Levels checked with the ultrasonic guage (measures the thickness of paint on any surface, and tells me the clearcoat thickness as well as the total coating thickness) we have a benchmark clear thickness and we're good to see what can be done.

Ok.. so out with a rotary, a blue 3m pad and some megs 205 (I prefer a softly softly approach) and after about 4 passes, carefully monitoring the bumper for temperature (remember - on bumpers, the plastic underneath will melt before the paint does) We have these 50/50's





































Phew!
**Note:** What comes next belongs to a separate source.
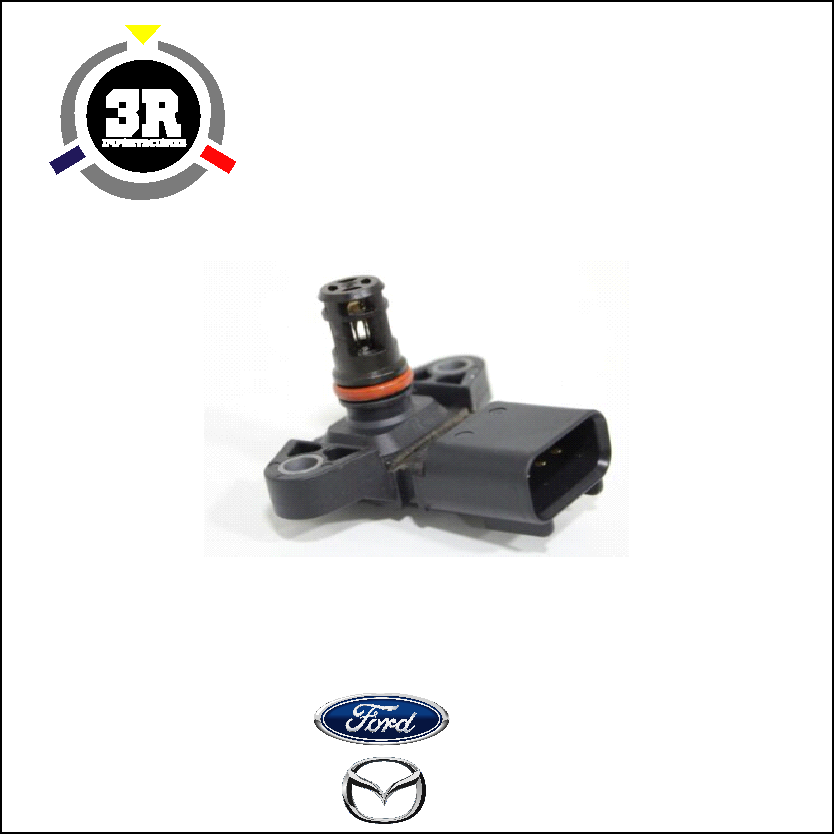 Sensor De Presion Map Ford Explorer A R Importaciones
We can save it!

Carrying on then stopping to put my watch back on for a gratuitous reflection shot, looking much better than when it came in!










So after around six passes (or sets) on the whole bumper (so 3 hours work then!) with the milwaukee we've got the bumper looking like this in direct light : (all sorted bar a few deep fisheyes it's not safe to remove)



















Phew! Some of the whole car after finishing with CF Pro and Best of show ready for the worst winter can throw at the car : (apologies for the indoor only shots, it was dark again when I finished last night!)


















































































Thanks for looking!

Any questions or comments welcome as always.

James.


----------



## giarc (Feb 8, 2006)

Top correction mate! I wouldn't be happy with that respray!


----------



## Allblackdup (Oct 17, 2006)

That respray was :doublesho:doublesho !!!

Great work James, stunning car!


----------



## mattjonescardiff (Dec 12, 2006)

Superb rescue James. The respray looked littered with deep defects but has come up brilliantly.

Cool car too, looks great after.


----------



## Carr20VT (Jan 11, 2006)

Great work :thumb:


----------



## dubnut71 (Jul 25, 2006)

Very Well done James, loving the work of the Welsh contingent at the moment!!:thumb:


----------



## Silver Scooby Sport (Feb 21, 2006)

Top work there James :thumb:


----------



## Vikash (Oct 8, 2009)

Just wanted to say thanks to James, he's done an exceptional job. I used Chips Away to take out the bumper scratches and definitely won't be using them again having already given them two goes at it.

Well the pictures speak for themselves. You can tell James is thorough with his work. 

As well as gleaming, the finish is deeper and more saturated - and it looks stunning. Cheers mate.

V


----------